[Record extracts]
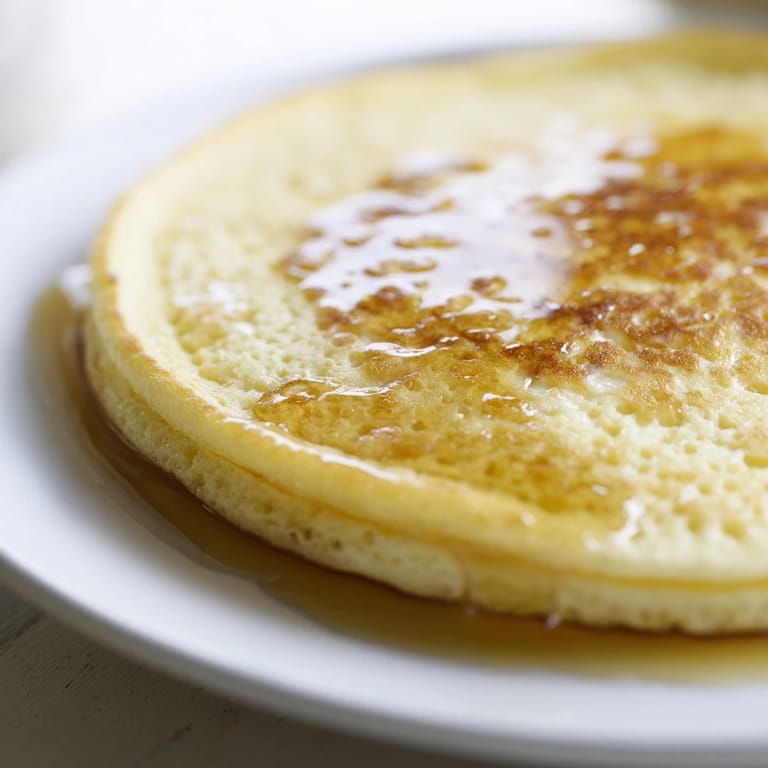 A close-up view of light and airy cottage cheese pancakes, offering a satisfyingly tender texture, perfect for breakfast.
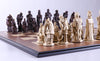 Marble and Resin Christopher Columbus Pieces on Walnut and Maple Board - Chess Set - Chess-House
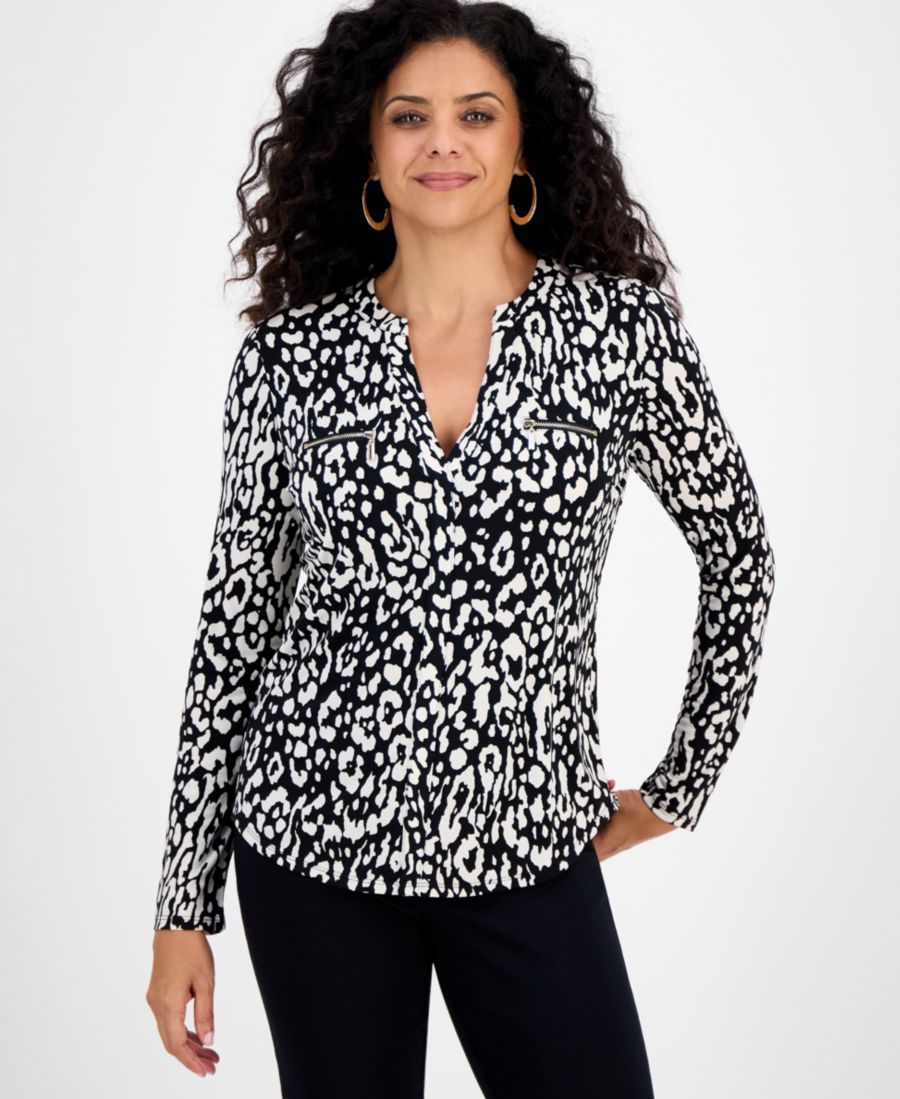 

Женская блузка с принтом, застежкой-молнией и карманами JM Collection, Deep Black Combo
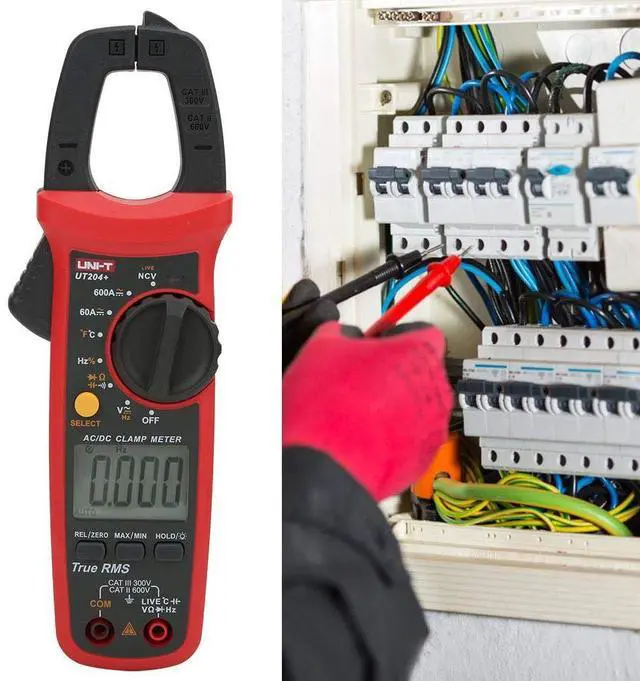 Alt view image 5 of 7 - UT204+ True RMS Clamp Meter NCV Auto Ranging Digital Multimeter Measures AC/DC Voltage Current Temperature Test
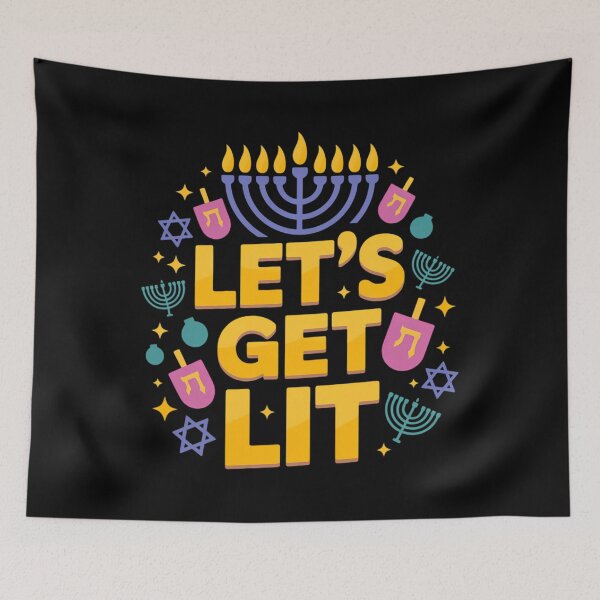 Item preview, Let’s Get Lit Hanukkah designed and sold by ValerieRodrigue.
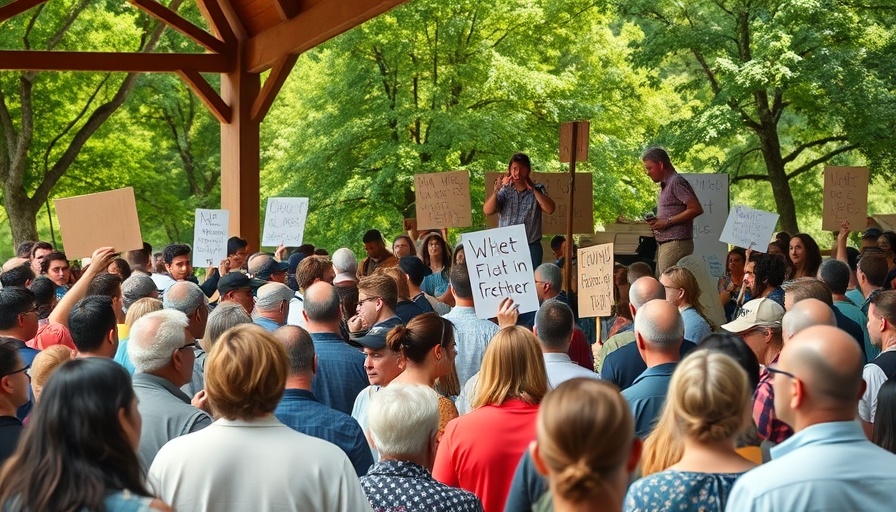 Texas Redistricting Hearing community gathering with diverse crowd and signs.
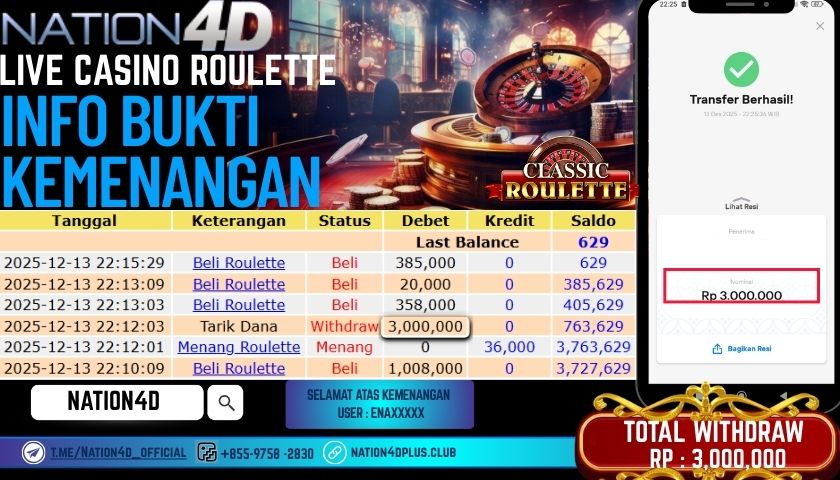 NATION4D -LIVE CASINO ROULETTE RP.3.000.000 LUNAS!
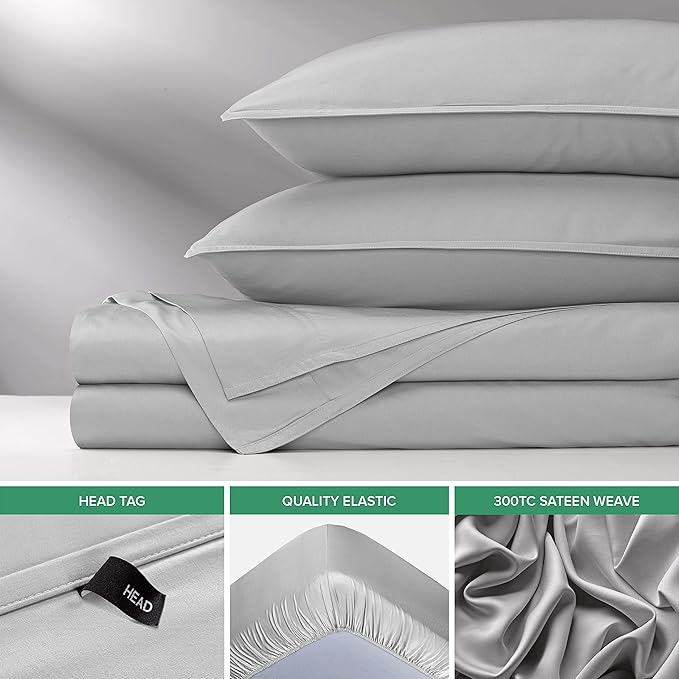 Pure Bamboo Twin Sheets, Genuine 100% Organic Viscose Derived from Bamboo Bed Sheet Set, Luxuriously Soft & Cooling, Double Stitching, 2 Year Quality Promise (Twin, Silver Pearl)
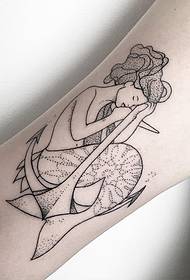Big mkono mermaid kumweka tattoo kijiometri mfano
[/Record extracts]
Make an exact copy of the listing. Do not carry over its pictures.

 A close-up view of light and airy cottage cheese pancakes, offering a satisfyingly tender texture, perfect for breakfast.
 Marble and Resin Christopher Columbus Pieces on Walnut and Maple Board - Chess Set - Chess-House

Женская блузка с принтом, застежкой-молнией и карманами JM Collection, Deep Black Combo
 Alt view image 5 of 7 - UT204+ True RMS Clamp Meter NCV Auto Ranging Digital Multimeter Measures AC/DC Voltage Current Temperature Test
 Item preview, Let’s Get Lit Hanukkah designed and sold by ValerieRodrigue.
 Texas Redistricting Hearing community gathering with diverse crowd and signs.
 NATION4D -LIVE CASINO ROULETTE RP.3.000.000 LUNAS!
 Pure Bamboo Twin Sheets, Genuine 100% Organic Viscose Derived from Bamboo Bed Sheet Set, Luxuriously Soft & Cooling, Double Stitching, 2 Year Quality Promise (Twin, Silver Pearl)
Big mkono mermaid kumweka tattoo kijiometri mfano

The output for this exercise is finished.